Just like we did for the other functions, setting verbose = "stop" immediately stops R from processing the labels. Here the function detects the mismatches between the variables and labels as well as the label that is greater than 40 characters. As this stops the process, none of the labels will be applied to the dataset until corrective action is applied.

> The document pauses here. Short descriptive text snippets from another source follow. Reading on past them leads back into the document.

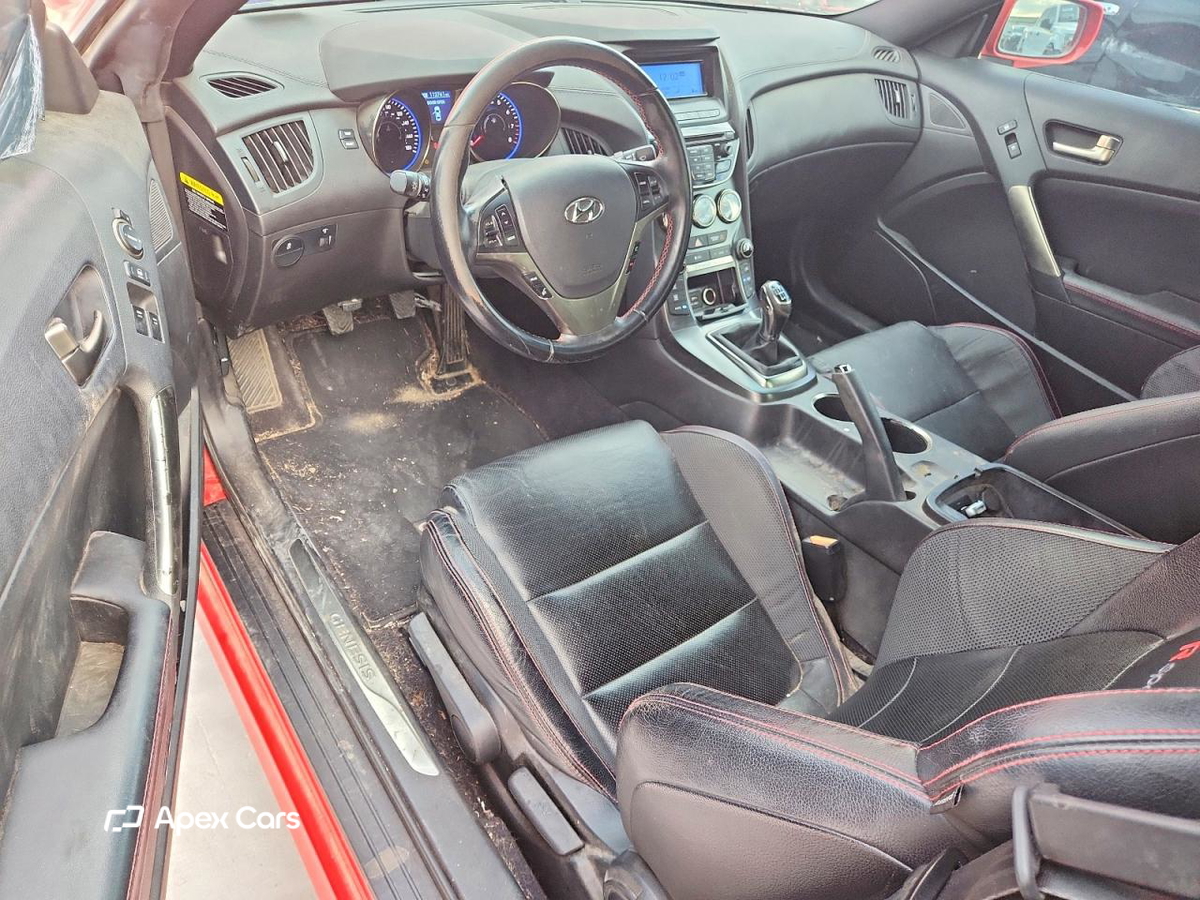 Hyundai Genesis 2015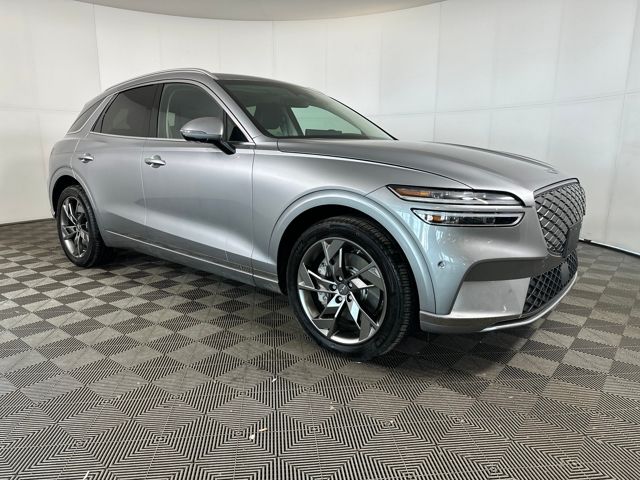 Used 2023 GENESIS GV70 Advanced with VIN 5NMMCET11PH000688 for sale in Akron, OH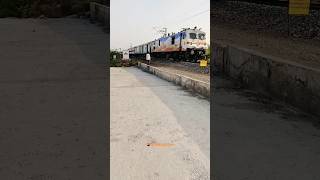 ➡️#22975/Bandra Terminus - Ramnagar , Ramnagar Superfast Express.⬅️➡️ 39225, GD WAP7 Sakarani #viral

adsl_label <- xportr_label(.df = adsl_lbl, metadata = var_spec_lbl, domain = "ADSL", verbose = "stop")
  
  ── Variable labels missing from metadata. ──
  
30 labels skipped
  Error in `xportr_logger()`:
  ! Variable(s) present in dataframe but doesn't exist in `metadata`.
  ✖ Problem with `RFXSTDTC`, `RFXENDTC`, `RFICDTC`, `RFPENDTC`, `DTHDTC`, `ARMCD`, `ACTARMCD`, `ACTARM`, `COUNTRY`, `DMDTC`, `DMDY`, `TRTSDTM`, `TRTSTMF`, `TRTEDTM`, `TRTETMF`, `SCRFDT`, `EOSDT`, `FRVDT`, `RANDDT`, `DTHDT`, `DTHDTF`, `DTHADY`, `LDDTHELD`, `LSTALVDT`, `RACEGR1`, `REGION1`, `LDDTHGR1`, `DTH30FL`, `DTHA30FL`, and `DTHB30FL`

xportr_order()

The order of the dataset can greatly increase readability of the dataset for downstream stakeholders. For example, having all the treatment related variables or analysis variables grouped together can help with inspection and understanding of the dataset. xportr_order() can take the order information from the metadata and apply it to your dataset.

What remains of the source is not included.